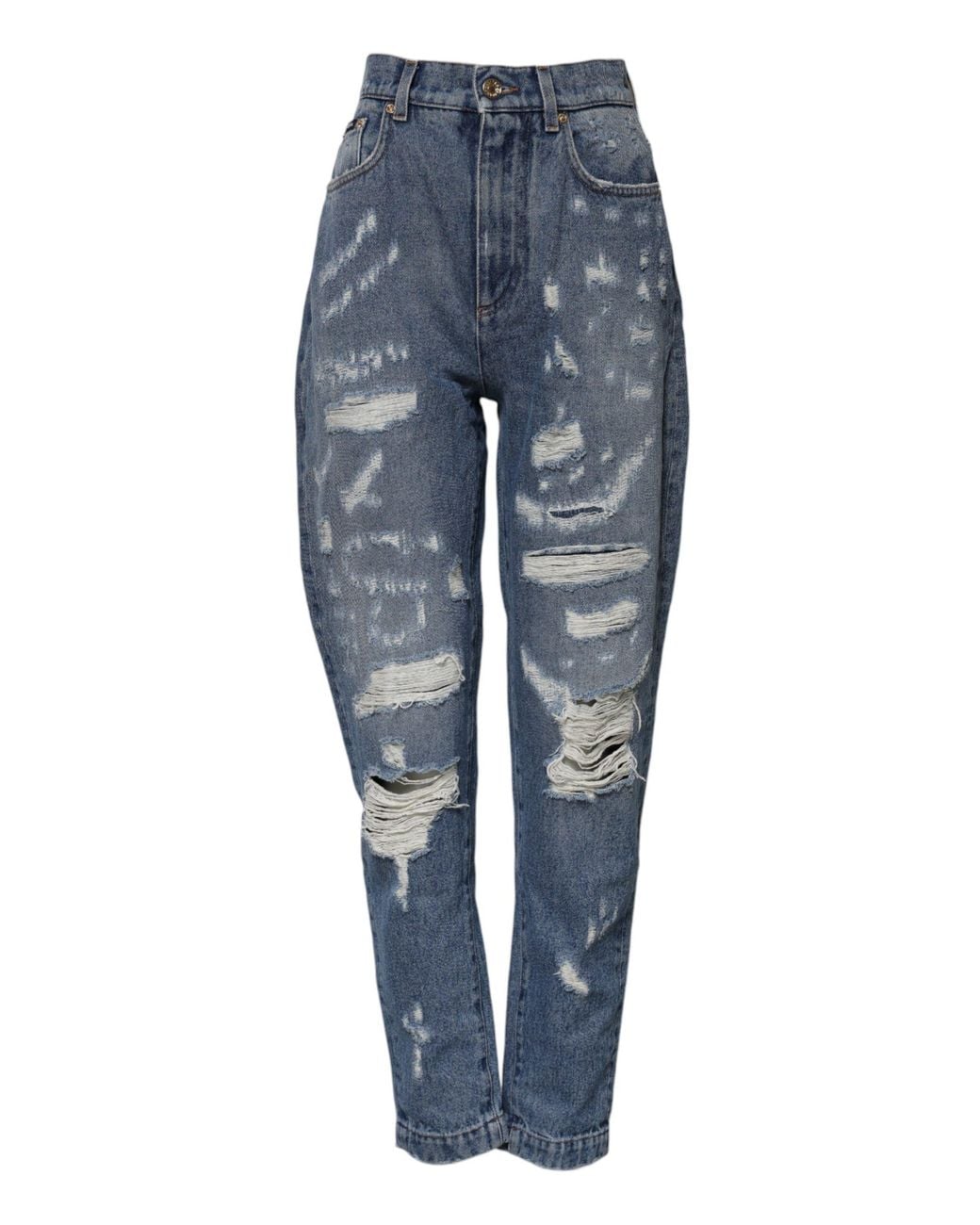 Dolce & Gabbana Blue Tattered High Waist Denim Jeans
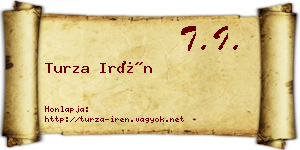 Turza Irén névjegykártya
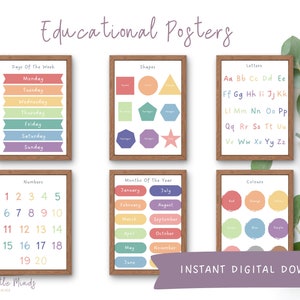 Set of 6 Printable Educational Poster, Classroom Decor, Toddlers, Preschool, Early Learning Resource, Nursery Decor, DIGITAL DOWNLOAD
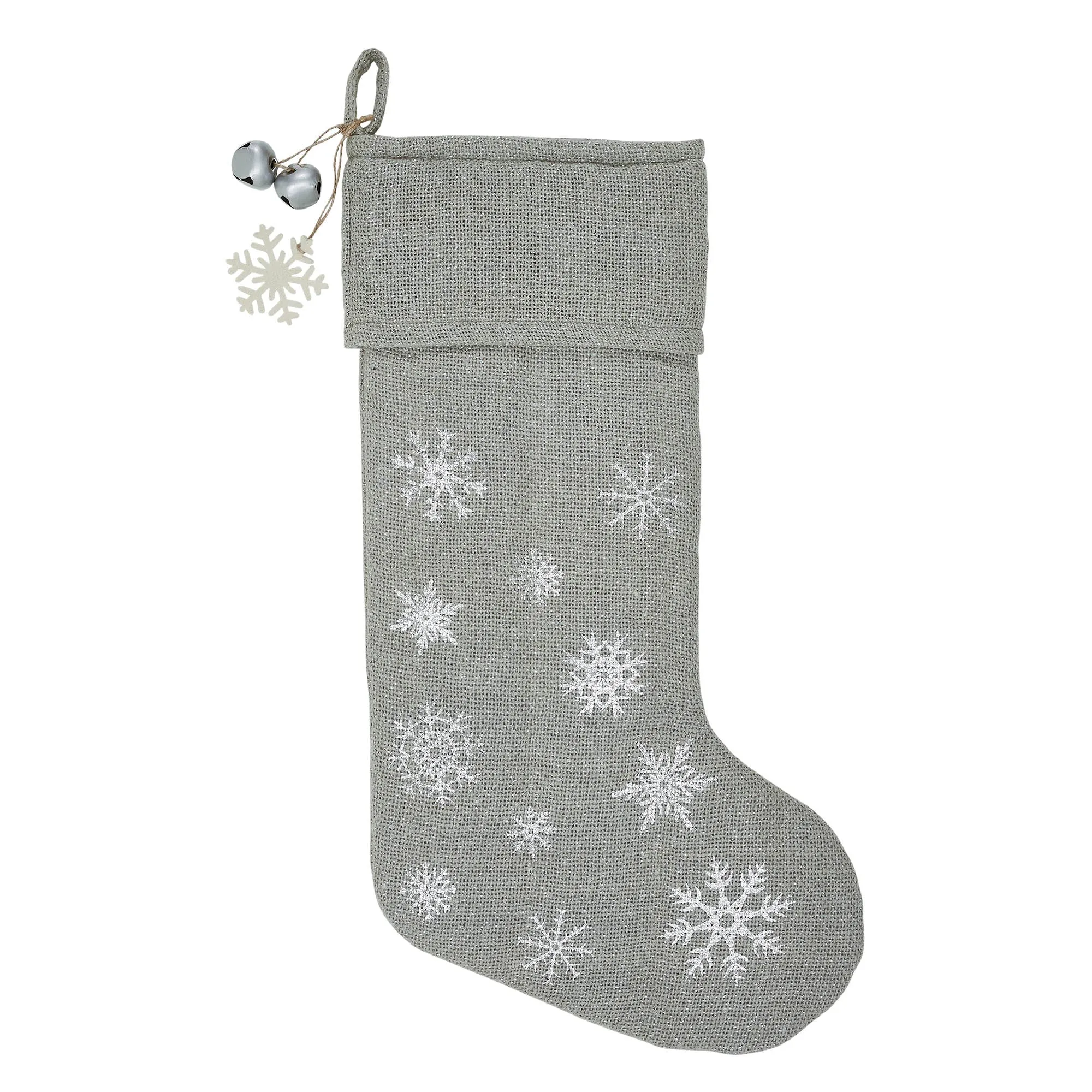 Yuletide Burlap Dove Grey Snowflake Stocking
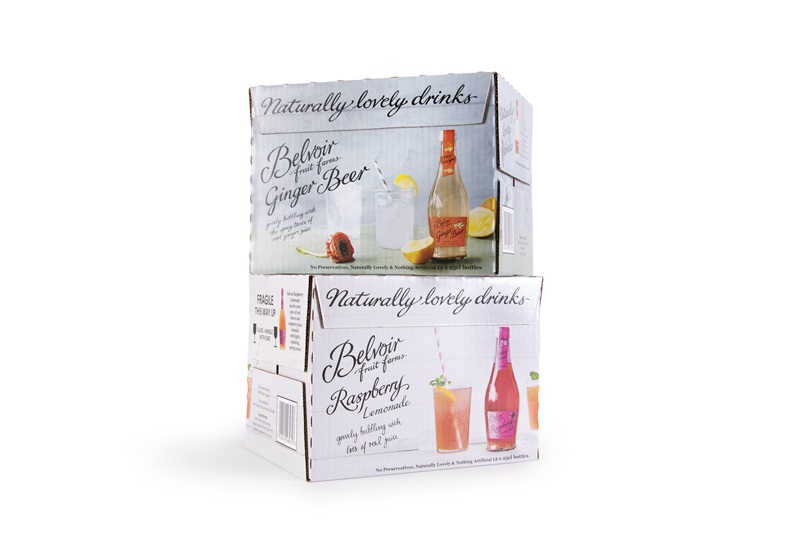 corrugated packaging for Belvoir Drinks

================

== EXERCISE DIRECTIONS ==
Leaving aside every picture, transcribe exactly the lines that run from the one with "Turza Irén névjegykártya" to the close of the listing above.

== TASK OUTPUT ==
 Turza Irén névjegykártya
 Set of 6 Printable Educational Poster, Classroom Decor, Toddlers, Preschool, Early Learning Resource, Nursery Decor, DIGITAL DOWNLOAD
 Yuletide Burlap Dove Grey Snowflake Stocking
 corrugated packaging for Belvoir Drinks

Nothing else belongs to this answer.